- Image-caption web data -
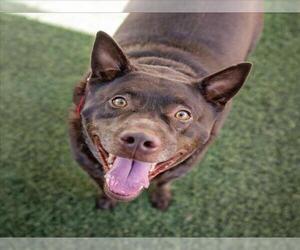 Labrador Retriever-Unknown Mix Dogs for adoption in Las Vegas, NV, USA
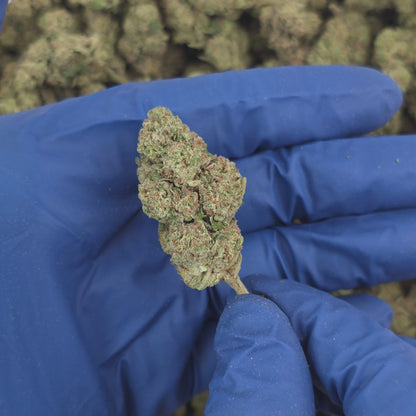 Azul Runtz - Premium Flower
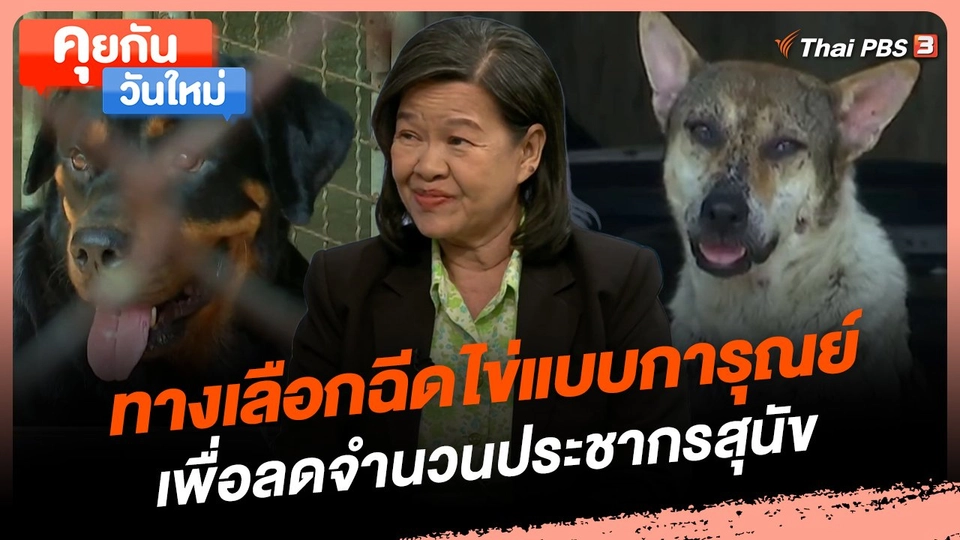 ทางเลือกฉีดไข่แบบการุณย์ เพื่อลดจำนวนประชากรสุนัข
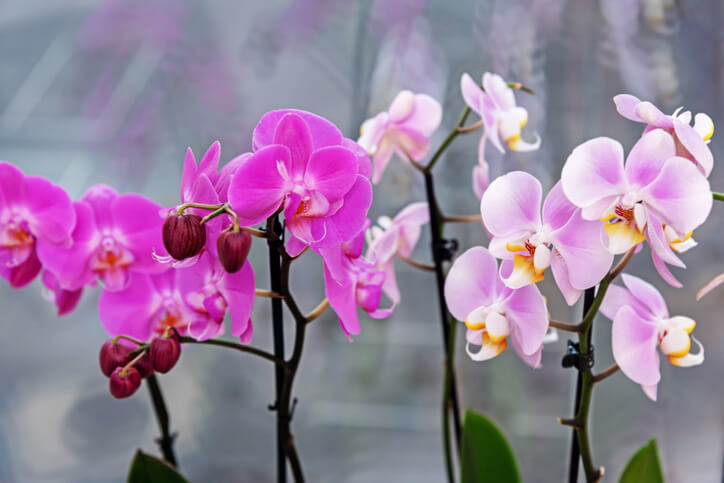 Orchideen aufbinden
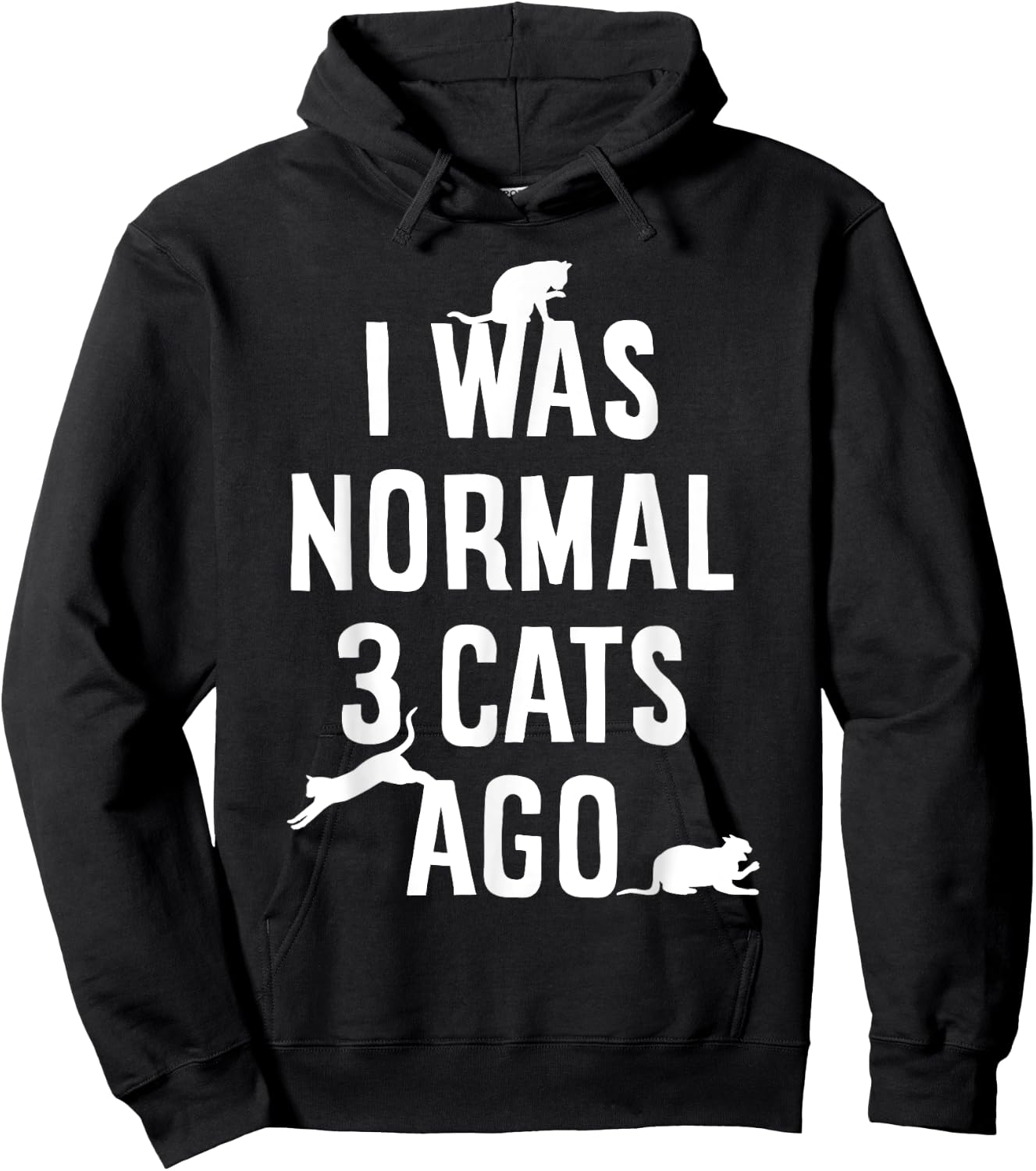 Cat Lover I Was Normal 3 Cats Ago Funny Cats Lovers Gifts Men Women Girls Kids Hoodie - Hoodie | Black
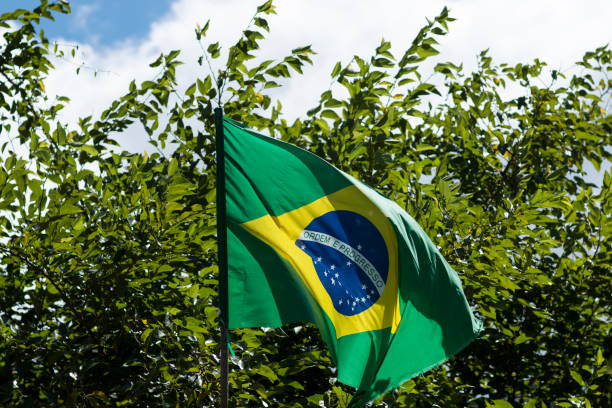 istock Flag of Brazil in the wind 951050632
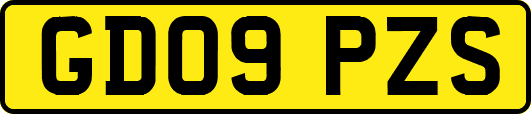 GD09PZS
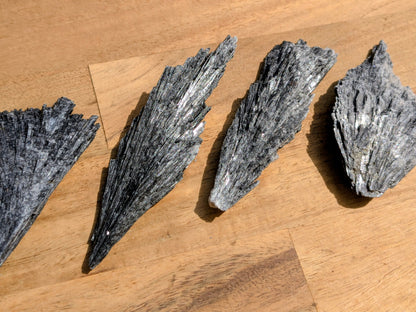 Black Kyanite Fans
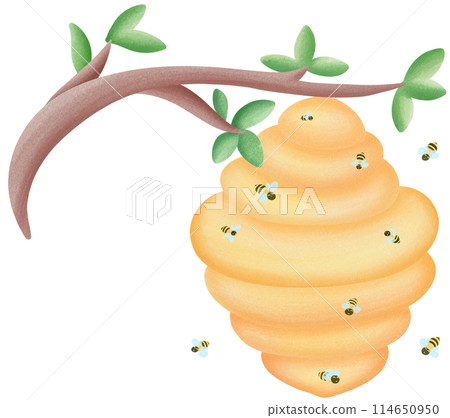 beehive on branch beehive on branch 114650950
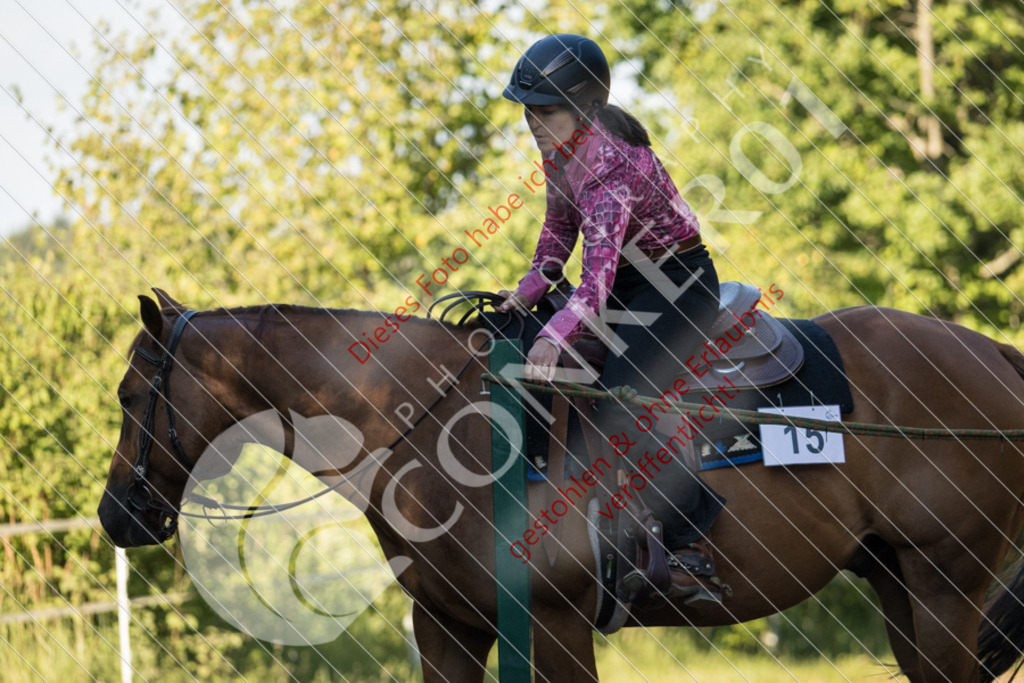 IMG_6242 | Sport-, Event- und Tierfotos in Profiqualität. Einfach auswählen, bestellen und herunterladen. Dein Moment – perfekt festgehalten.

- Exercise objective -
Quote exactly, and nothing besides, the lines from the one with "Orchideen aufbinden" through the end of the records above; include both ends and omit the pictures.

- Written reply -
 Orchideen aufbinden
 Cat Lover I Was Normal 3 Cats Ago Funny Cats Lovers Gifts Men Women Girls Kids Hoodie - Hoodie | Black
 istock Flag of Brazil in the wind 951050632
 GD09PZS
 Black Kyanite Fans
 beehive on branch beehive on branch 114650950
 IMG_6242 | Sport-, Event- und Tierfotos in Profiqualität. Einfach auswählen, bestellen und herunterladen. Dein Moment – perfekt festgehalten.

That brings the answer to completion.